Investment vs. Speculation
Now rather than trying to reinvent the wheel with definitions, I will refer to Investopedia which summarises it as follows:
The main difference between speculating and investing is the amount of risk involved.
Investors try to generate a satisfactory return on their capital by taking on an average or below-average amount of risk.
Speculators are seeking to make abnormally high returns from bets that can go one way or the other.
Speculative traders often utilize futures, options, and short selling trading strategies.
As discussed previously with Todd Levin, the issue with watches, is that you can't attribute any inherent underlying value to the piece. When buying a share in Amazon, you can break down its valuation into all the relevant components such as buildings, prime subscriber revenue and so on... thus making you able to calculate the “present value of future cash flows” - you can then take a view on the future growth opportunities to decide what the share is worth, and buy or sell it accordingly; simplified, but that's the general idea with investing.

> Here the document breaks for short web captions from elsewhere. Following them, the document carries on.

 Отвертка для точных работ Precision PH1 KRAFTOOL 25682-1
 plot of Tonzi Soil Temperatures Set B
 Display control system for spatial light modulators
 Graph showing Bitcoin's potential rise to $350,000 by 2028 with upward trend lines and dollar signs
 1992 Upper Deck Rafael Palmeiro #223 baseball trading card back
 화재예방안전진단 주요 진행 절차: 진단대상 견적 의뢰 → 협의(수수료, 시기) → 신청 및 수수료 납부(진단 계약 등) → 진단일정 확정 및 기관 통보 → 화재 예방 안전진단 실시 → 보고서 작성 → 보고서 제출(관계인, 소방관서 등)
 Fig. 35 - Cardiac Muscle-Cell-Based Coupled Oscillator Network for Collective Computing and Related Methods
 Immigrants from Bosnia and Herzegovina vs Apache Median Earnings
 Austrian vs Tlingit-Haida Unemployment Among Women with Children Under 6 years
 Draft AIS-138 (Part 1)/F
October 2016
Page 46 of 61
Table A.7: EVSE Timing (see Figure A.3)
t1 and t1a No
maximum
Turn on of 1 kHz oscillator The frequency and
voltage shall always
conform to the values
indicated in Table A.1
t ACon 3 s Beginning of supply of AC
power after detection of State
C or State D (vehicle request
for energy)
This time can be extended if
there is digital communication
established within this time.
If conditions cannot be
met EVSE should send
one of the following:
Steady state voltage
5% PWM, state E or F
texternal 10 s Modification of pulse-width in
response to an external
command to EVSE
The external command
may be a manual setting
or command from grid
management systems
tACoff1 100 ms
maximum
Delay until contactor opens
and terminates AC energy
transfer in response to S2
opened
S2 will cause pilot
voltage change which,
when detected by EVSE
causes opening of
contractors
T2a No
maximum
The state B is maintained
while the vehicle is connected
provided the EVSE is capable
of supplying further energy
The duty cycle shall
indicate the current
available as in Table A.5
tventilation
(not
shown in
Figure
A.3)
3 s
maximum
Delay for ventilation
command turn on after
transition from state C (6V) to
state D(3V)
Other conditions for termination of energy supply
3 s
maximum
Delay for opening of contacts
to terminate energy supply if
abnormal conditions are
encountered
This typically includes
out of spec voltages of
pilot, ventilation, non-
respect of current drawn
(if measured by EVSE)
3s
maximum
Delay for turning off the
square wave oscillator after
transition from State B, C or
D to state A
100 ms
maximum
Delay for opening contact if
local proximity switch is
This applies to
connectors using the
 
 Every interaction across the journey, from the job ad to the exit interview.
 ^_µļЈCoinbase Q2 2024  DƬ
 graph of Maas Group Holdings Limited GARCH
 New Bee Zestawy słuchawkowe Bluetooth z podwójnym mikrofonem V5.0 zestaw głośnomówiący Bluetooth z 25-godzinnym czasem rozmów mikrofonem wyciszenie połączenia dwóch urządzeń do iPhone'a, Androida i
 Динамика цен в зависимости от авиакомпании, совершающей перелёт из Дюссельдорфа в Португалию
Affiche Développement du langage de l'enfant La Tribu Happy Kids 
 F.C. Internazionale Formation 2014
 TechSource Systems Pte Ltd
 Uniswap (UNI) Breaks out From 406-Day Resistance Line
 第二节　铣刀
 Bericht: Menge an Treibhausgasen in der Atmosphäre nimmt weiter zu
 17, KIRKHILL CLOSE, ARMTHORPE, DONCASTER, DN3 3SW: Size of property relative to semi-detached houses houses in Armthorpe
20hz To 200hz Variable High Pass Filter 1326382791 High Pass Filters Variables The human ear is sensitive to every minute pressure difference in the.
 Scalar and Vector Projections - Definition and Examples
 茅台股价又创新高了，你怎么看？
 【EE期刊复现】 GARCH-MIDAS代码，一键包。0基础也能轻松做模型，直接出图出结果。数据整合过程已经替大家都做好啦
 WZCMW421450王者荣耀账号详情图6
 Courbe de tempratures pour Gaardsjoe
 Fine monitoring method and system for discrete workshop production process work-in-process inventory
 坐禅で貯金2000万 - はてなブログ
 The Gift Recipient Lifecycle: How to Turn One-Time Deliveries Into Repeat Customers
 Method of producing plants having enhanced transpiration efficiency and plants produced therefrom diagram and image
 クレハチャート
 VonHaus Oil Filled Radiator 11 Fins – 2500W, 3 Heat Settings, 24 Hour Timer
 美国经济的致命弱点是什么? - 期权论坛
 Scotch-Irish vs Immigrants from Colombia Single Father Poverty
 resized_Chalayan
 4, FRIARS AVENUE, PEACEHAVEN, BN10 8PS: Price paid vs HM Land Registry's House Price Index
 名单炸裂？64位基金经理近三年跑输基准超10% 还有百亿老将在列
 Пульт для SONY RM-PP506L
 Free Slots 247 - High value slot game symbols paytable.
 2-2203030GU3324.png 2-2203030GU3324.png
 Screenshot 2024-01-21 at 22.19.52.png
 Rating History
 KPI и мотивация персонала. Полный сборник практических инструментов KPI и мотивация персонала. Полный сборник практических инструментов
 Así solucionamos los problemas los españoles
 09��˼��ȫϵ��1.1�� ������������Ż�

What is a Rolex Daytona worth? If you buy one at retail, you can double your money (or more) the moment you leave the store - but there is no underlying rationale for this. Supply isn't a problem, as the watches are readily available - people often cite 'hype' as the reason... ok fair enough. How do you quantify 'hype' and how does one feel certain that this 'hype' will sustain itself into perpetuity? I am not saying it will, or it won't - merely highlighting how speculative it is, solely because there is no quantifiable driver for it.